Lejos de esconder la edad que tiene -va camino de los 78- Inés Praga la exhibe como un regalo, y, de hecho, el número aparece en la primera línea del prólogo de la recopilación de textos que acaba de publicar en una edición no venal titulada Tiempo de otoño. Sus páginas reúnen todas las columnas que ha escrito en Diario de Burgos desde 2021, colaboraciones en otros medios como la revista Hypérbole o La Nueva España y otros apuntes sobre la relación con uno de sus grandes amores, la Universidad de Burgos (UBU) donde dio clase durante décadas y fue catedrática de Filología Inglesa y en la que ahora hay un aula que lleva su nombre. «Hacer años es un hito que hay que divulgar porque si nos hacemos invisibles a partir de los 50, no te digo a los 70... Así que cuando me ofreció Álvaro Melcón escribir una columna me pareció una extraordinaria prueba de confianza en una mujer con edad de cuidar nietos -algo que hago encantada, ojo- pero absolutamente fuera de toda valoración».
Siempre ha escrito esta asturiana de Langreo.
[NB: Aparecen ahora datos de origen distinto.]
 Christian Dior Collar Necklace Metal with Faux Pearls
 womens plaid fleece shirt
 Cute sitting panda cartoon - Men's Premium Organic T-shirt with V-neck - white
En diarios, en cuadernos, en servilletas de papel, en el forro de un libro... ¡incluso en la mano! «Y lo hago sin ninguna intención de inmortalidad. Creo en la escritura porque no fui al colegio, mis padres consideraban que hacía mucho frío en Asturias y mi formación fue matemáticas, leer y escribir... y tocar el piano... ¡He salido normal de milagro!», rememora con mucha ironía, esta mujer, que es la alegría de vivir, que es pura, que es divertida y cuya risa alivia los males al momento.
«Escribo para entender lo que me pasa. Si tienes confusión, estado de ánimo bajo o muy alto o, simplemente, alborotado, la escritura serena, calma, posa, sedimenta y luego te lees y sabes lo que te ocurre. De todas las actividades que tengo en la vida ninguna es tan cómplice para mí como esta escritura íntima, naturalmente solitaria y naturalmente anónima», apunta.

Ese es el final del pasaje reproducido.